NiMH batteries have a quite sudden drop off as they run out of power so this is a reasonable estimate of the capacity. Also, when 10 batteries are connected in series to power a 6W led bulb (or a 7.5W Busking Amp) the current taken is of this order A so the time measured will be around the same time that the bank will last before a recharge.

According to eneloop101 new batteries have a capacity of around 1800mAh (this is actually measured) so new batteries would last around 3 hours on the tester.

First the batteries were charged, 8 at a time on my old charger (everything is old with me!)

Then they were numbered and put on the tester one at a time.  The time until the clock stopped was recorded for each battery. The charger will sometimes refuse to charge a particular battery.  I do not know the algorithm it uses to decide.  I have found that sometimes a kickstart helps

Kickstart flat AAs.

Using a power supply to force some current into a battery will put it into a state that the charger will accept.  I tried with 250mA for 1.5 hours with some batteries and 3 non-eneloop Panasonic and 1 Energiser did not respond.  One eneloop and 3 Energisers did respond. 

Once they responded I could fully charge them on my V8 supercharger.

TEST RESULTS

None of the Tronix batteries lasted more than 10 minutes in the tester so are not recorded.

And here are the results in a graph

The Generalised Iceberg Theorem (90% of everything is beneath the surface) strikes again.

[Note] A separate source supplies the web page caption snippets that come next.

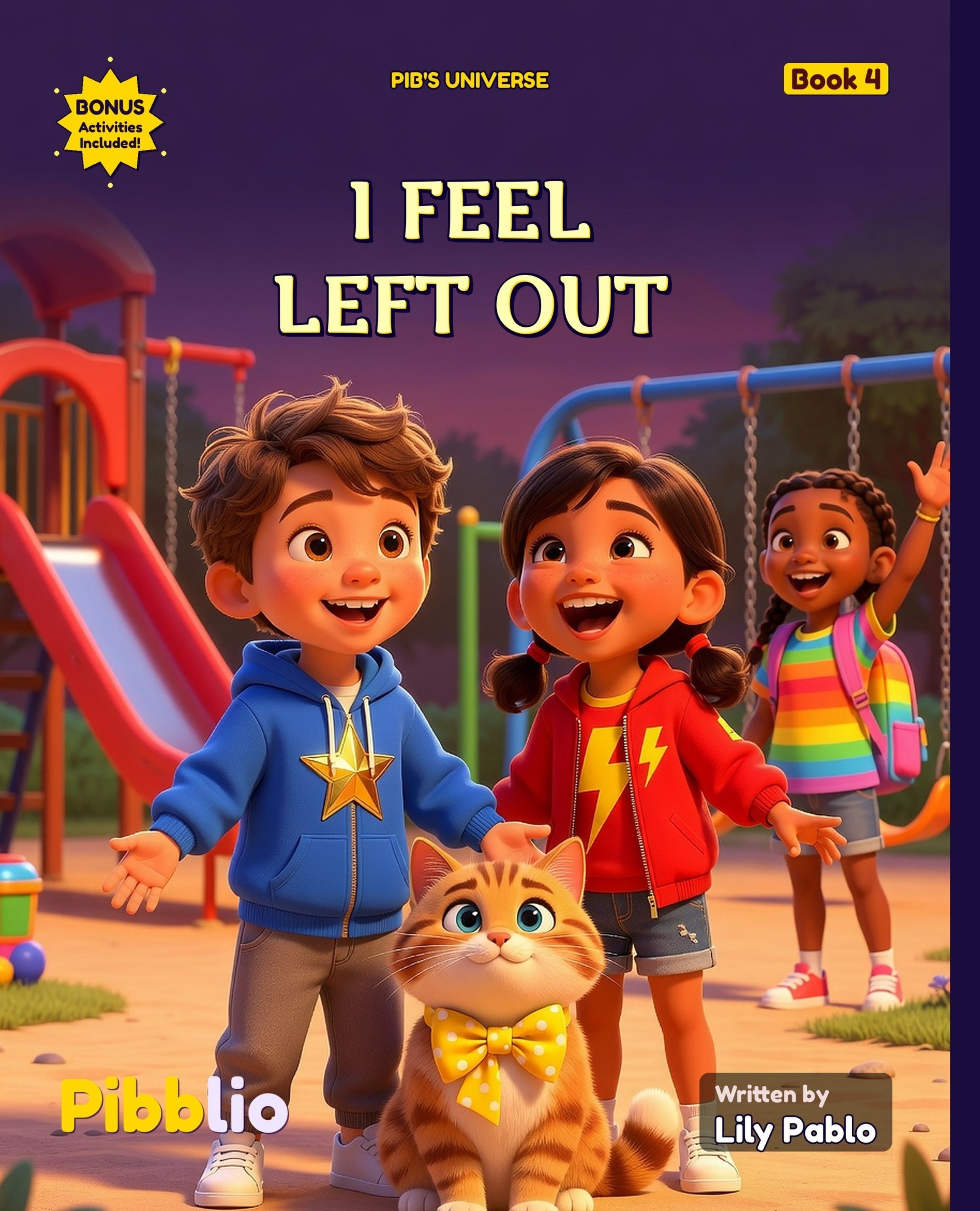 I Feel Left Out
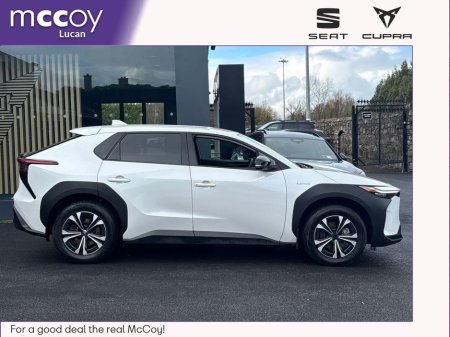 2023 Toyota bZ4X *JUST ARRIVED*TOYOTA BZ4X SPORT ELECTRIC*FINANCE AVAILABLE*12 MONTH WARRANTY* €27,950 thumbnail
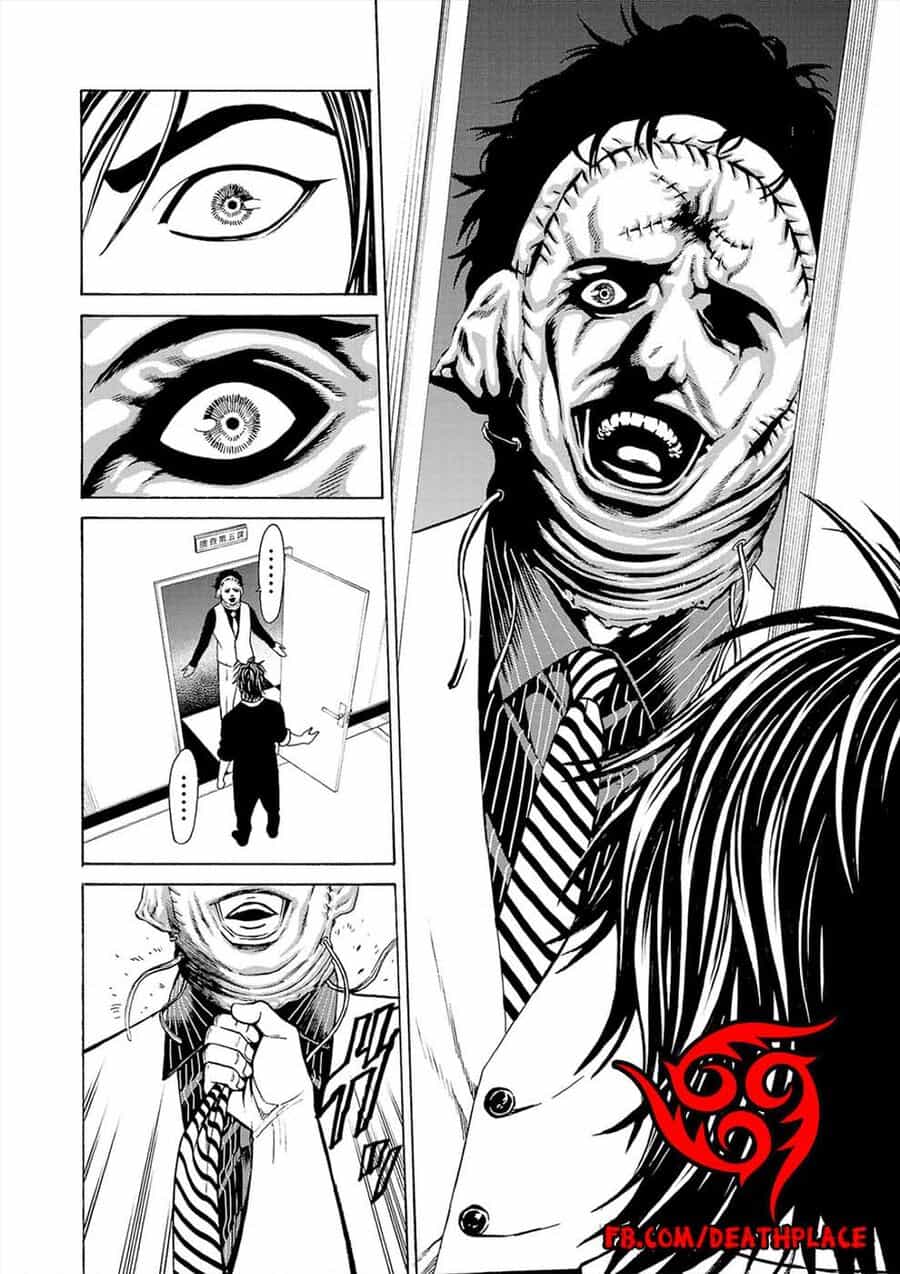 Psycho X Past: Cuộc Điều Tra Thâm Nhập Về Những Vụ Án Giết Người Rùng Rợn - Chương 1 - ảnh 17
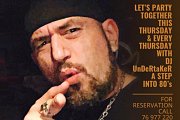 Oldies Night with DJ UnDerRaKeR - Every Thursday at Cheers Cousin Mike Oldies Night with DJ UnDerRaKeR - Every Thursday at Cheers Cousin Mike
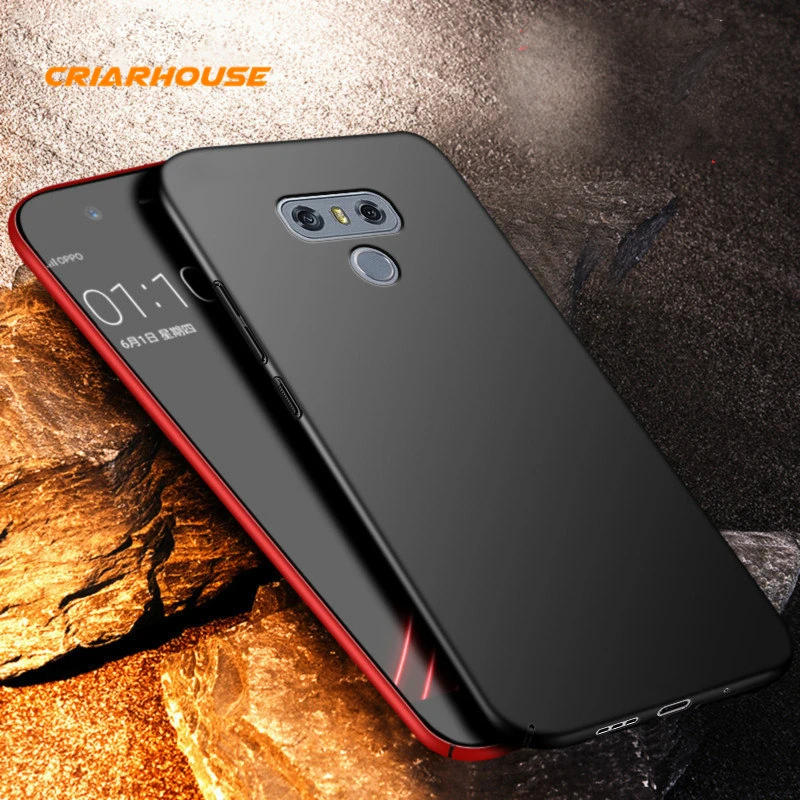 Criar House цветной тонкий гладкий матовый Жесткий PC пластик 360 полный защитный чехол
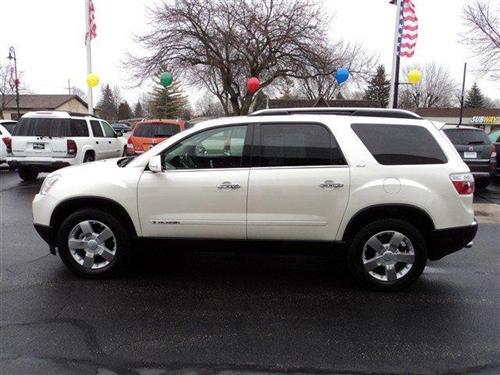 GMC Acadia 2008 photo 5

Eneloop batteries 1, 12, and 22 seemed to be fairly clapped out, lasting less than 30 minutes on the tester.  As a matter of course I put batteries back on the charger after the test.  So, out of interest, when I had tested all the batteries I ran the test again on Battery No 1. It managed 2 hours and 30 minutes!  That is 1450mAh from 220 on the first run

What is going on here?  Does a couple of charges revitalise the battery, or is it a charger issue? Battery No 1’s capacity has seemingly gone uo by a factor of over 6, and it’s now in the middle of the 3rd generation eneloops.

So, I did the same with 271mAh battery 12. It lasted 1:45 this time making it 1015mAh; still very respectable for a 15 year old battery.

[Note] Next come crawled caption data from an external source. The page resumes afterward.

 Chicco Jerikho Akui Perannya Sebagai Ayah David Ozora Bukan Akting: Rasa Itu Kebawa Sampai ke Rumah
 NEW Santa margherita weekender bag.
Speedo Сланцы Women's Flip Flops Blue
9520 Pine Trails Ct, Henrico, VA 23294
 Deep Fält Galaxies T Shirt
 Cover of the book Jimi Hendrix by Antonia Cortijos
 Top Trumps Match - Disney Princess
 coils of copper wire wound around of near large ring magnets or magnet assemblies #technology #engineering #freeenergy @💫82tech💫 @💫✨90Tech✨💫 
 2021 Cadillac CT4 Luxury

300mAh Battery 22 improved to 822mAh, not as dramatic, but still more than doubling.

I decided to try it with an “average” 1st Geneneration so I chose battery 7.  It lasted 1:56 on the charger first time around which was pretty good.  This time it managed 2:30, once again taking it into the realm of the 3rd Generation batteries.

So I decided to re-test all of the low measuring 1st Gen batteries.

Conclusions

Panasonic Eneloops last a long time.  I have 8 ten year old batteries with a capacity of over 1400mAh. (they would have been around 1750mA when new).  These are 3rd generation eneloop (the latests ones are 5th generation).  The 1st generation seem to benefit very substantially from a few discharge and charge cycles.

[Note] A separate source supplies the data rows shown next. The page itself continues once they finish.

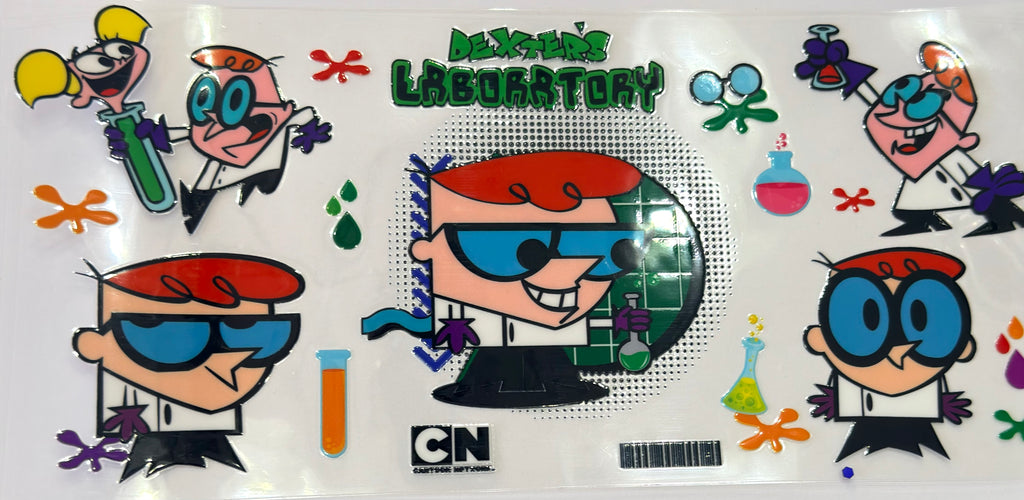 90’s/Misc. Cartoon Wraps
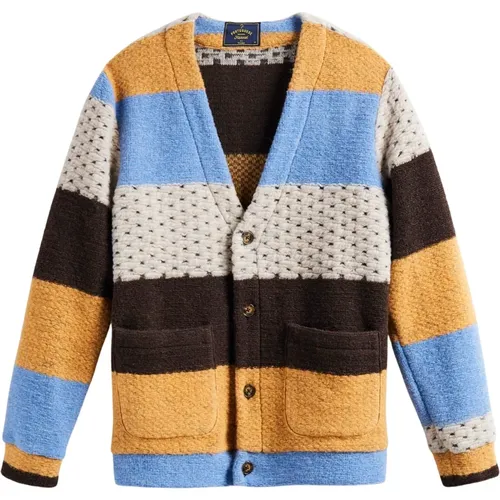 Knitwear > Cardigans - - Portuguese Flannel - Modalova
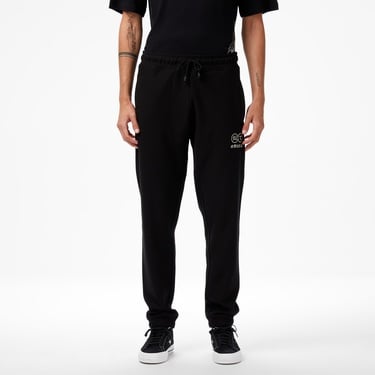  UNITED4 Erkek Siyah Eşofman Altı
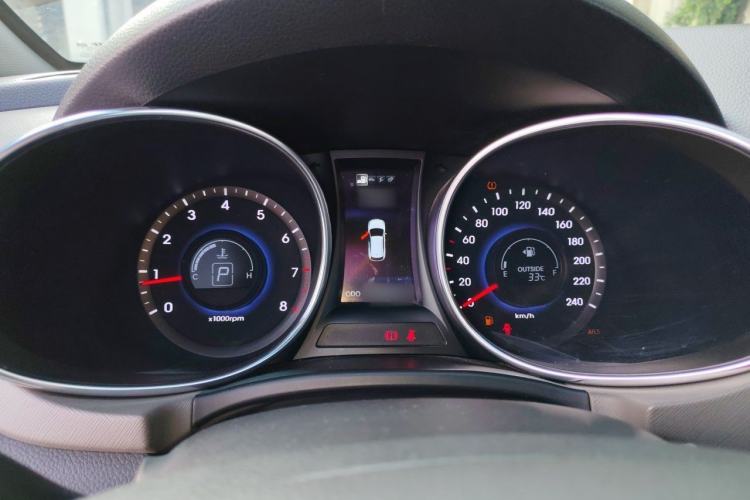 Used Hyundai Grand SantaFe 2013 3.0L 7-Seater 4x4 Flagship Edition Instrument Cluster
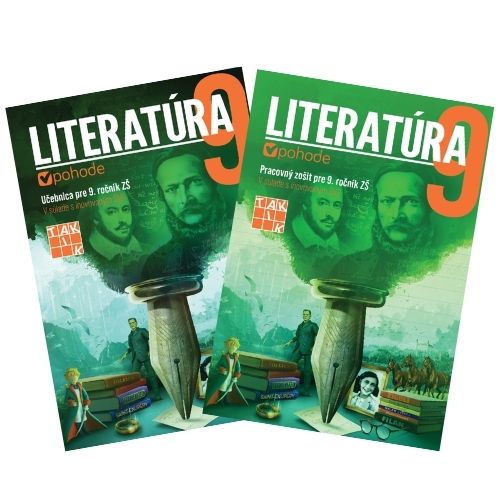 Balík Literatúra v pohode 9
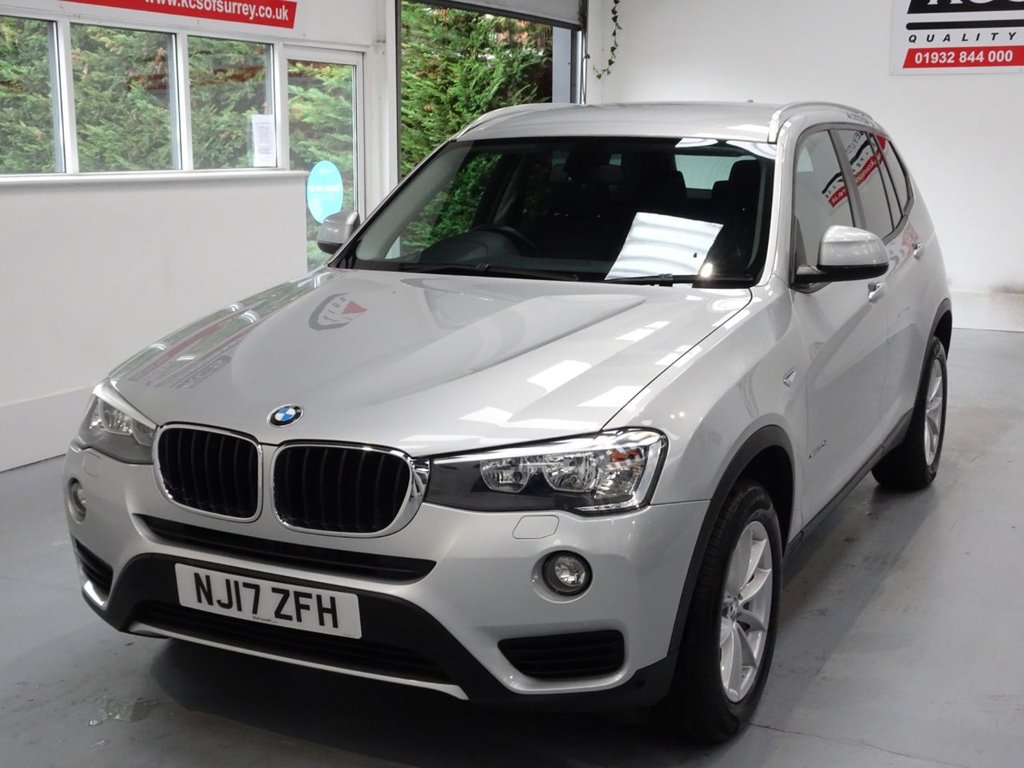 Used BMW X3 2017 for sale - 76509748: Photo 18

 My 1st generation batteries, around 15 years old would still be serviceable in situations where around 1000mA is adequate. A bank of 10 will provide 6W for around 2 hours.

My old non-eneloop batteries, six cheap Tronix batteries (under 3 years old I think) are heading for the recycling centre.

Some older Energiser’s need a kick start to get then into a state that my charger will take over. Two others seemed to recover but could not provide enough voltage to drive the clock while powering the bulb.  As 3 out of 4 were not serviceable and I don’t have much that uses a single rechargeable battery I think I’ll avoid them.

This has proved to be a very worthwhile investigation. I started with the aim of having a reasonable capacity bank of 8 rechargeable batteries.  I have ended up with having two banks of 10 eneloop batteries, one with 1440mAh and one with 900mAh.

Anything other than Panasonic Eneloops is false economy.